South Carolina coach Lamont Paris can handle stretches when his team does not play well but getting outplayed by an opponent is another story.
Paris felt the Gamecocks were outplayed in a disappointing loss to North Florida to start his third season and he is hoping they respond against visiting South Carolina State on Friday night in Columbia, S.C.
After playing the Bulldogs, the Gamecocks face Towson before the schedule picks up next week when they visit Indiana. Paris is hoping to avoid a repeat of what unfolded in their 74-71 loss to visiting North Florida on Monday.
South Carolina could not get the lead above eight points, then got outplayed in the final minutes. The Gamecocks held a 64-59 lead before being outscored 15-7 over the final four-plus minutes.
“We were outplayed overall, in a lot of different ways,” Paris said. “It’s OK to not play well. That’s going to happen from time to time. But as competitors, they dominated us.”
After leading by five, the Gamecocks gave up four offensive rebounds on a night they were outrebounded 43-37 and finished 14 of 25 at the free-throw line.
The poor finish occurred in a game when four players scored in double figures, led by Collin Murray-Boyles’ 17 points.

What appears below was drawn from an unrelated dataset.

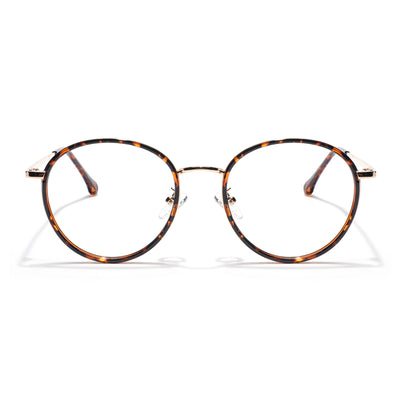 Voyage Demi Brown & Golden Round Eyeglasses for Men & Women (TR87312MG5824-C4)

South Carolina State (1-0) was picked to finish fifth in the MEAC’s preseason poll. Six players scored in double figures in its 137-55 season-opening rout of NAIA opponent Morris College on Monday.
Wilson Dubinsky led the Bulldogs with 29 points off the bench, hitting eight of nine 3-point attempts in just 11 minutes. Collin McKenzie hit five 3s and added 19 as South Carolina State shot 64.7 (22-of-34) from 3-point range and 66.2 percent overall (45-of-68) from the field.
South Carolina is 22-0 all-time against South Carolina State and two years ago escaped with an 80-77 victory, Paris’ first with the Gamecocks.